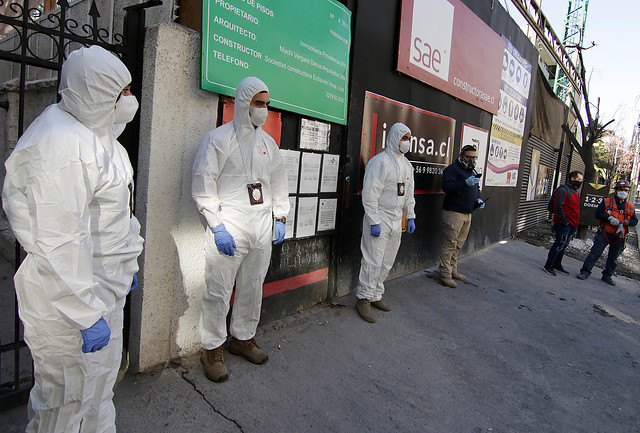 PDI denunciará a 15 empresas por giros falsos o funcionar sin ser consideradas como esenciales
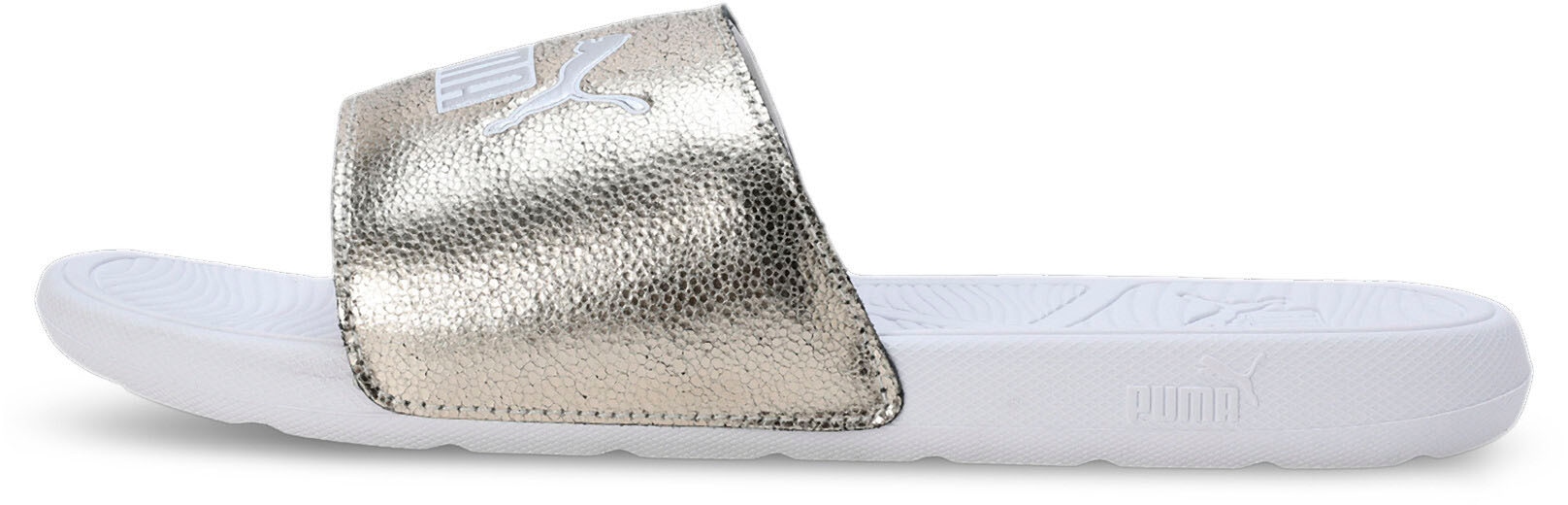 PUMA Badesandale »COOL CAT 2.0 METALLIC SHINE«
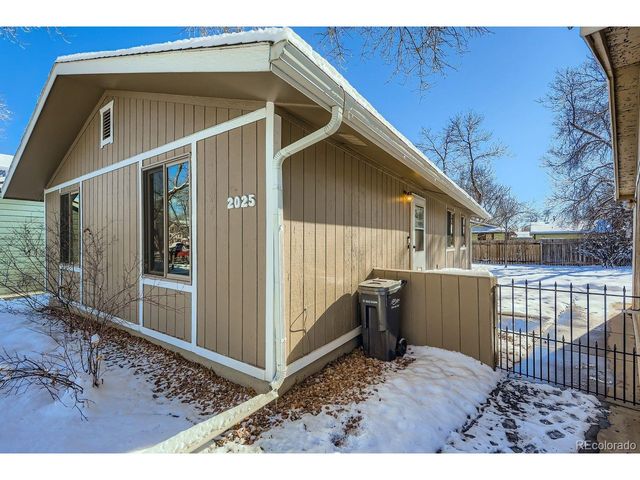 2025 Cheshire St, Fort Collins, CO 80526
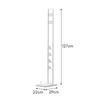 Vacuum Stand Compatible with Dyson Storage Stand Holder for V6 V7 V8 V10 V11 Handheld Cordless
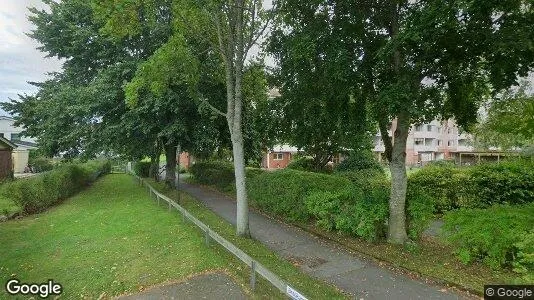 Bostadsrätter till salu i Mariestad - Bild från Google Street View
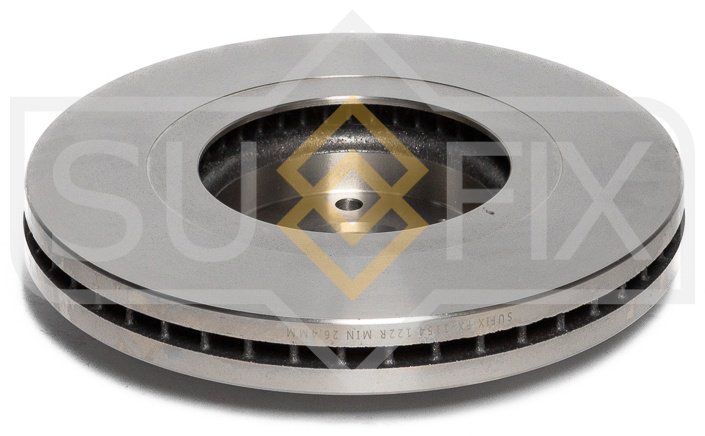 Диски Sufix передние FX-1154 купить,46060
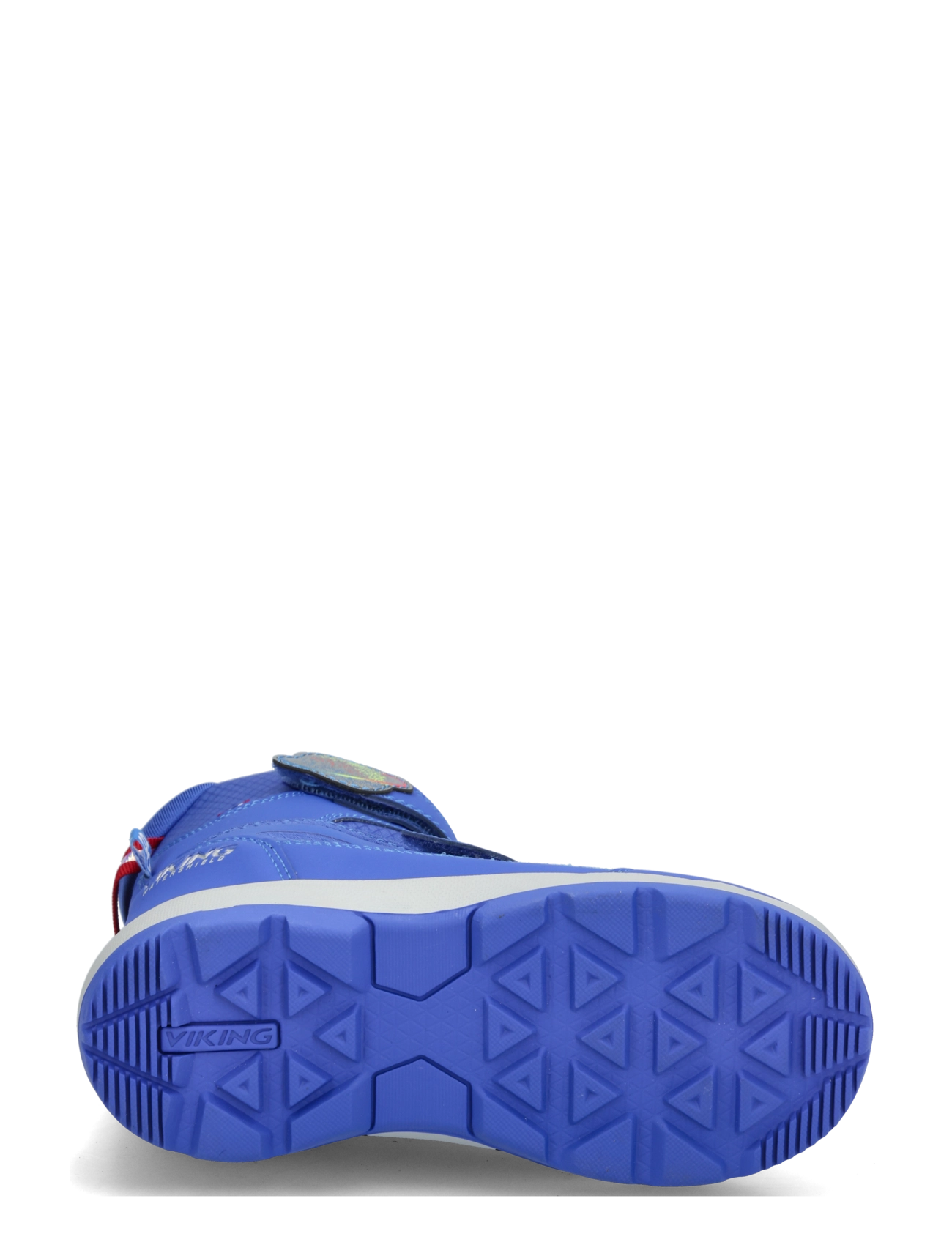 Viking - Space Reflex Warm SC WP 2V - schuhe - royal - 3
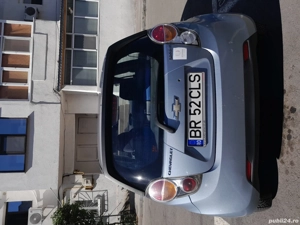 vand masina Chevrolet Spark an de fabricație 2010 - imagine 5
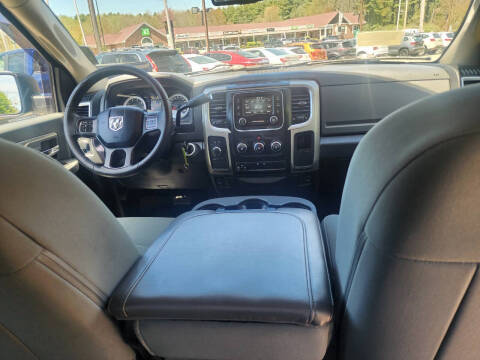 2015 RAM 2500 SLT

■ ■ ■

- Exercise details
Nothing but an exact repeat of the records, pictures excluded, belongs in the answer.

- Response
 PDI denunciará a 15 empresas por giros falsos o funcionar sin ser consideradas como esenciales
 PUMA Badesandale »COOL CAT 2.0 METALLIC SHINE«
 2025 Cheshire St, Fort Collins, CO 80526
 Vacuum Stand Compatible with Dyson Storage Stand Holder for V6 V7 V8 V10 V11 Handheld Cordless
 Bostadsrätter till salu i Mariestad - Bild från Google Street View
 Диски Sufix передние FX-1154 купить,46060
 Viking - Space Reflex Warm SC WP 2V - schuhe - royal - 3
 vand masina Chevrolet Spark an de fabricație 2010 - imagine 5
 2015 RAM 2500 SLT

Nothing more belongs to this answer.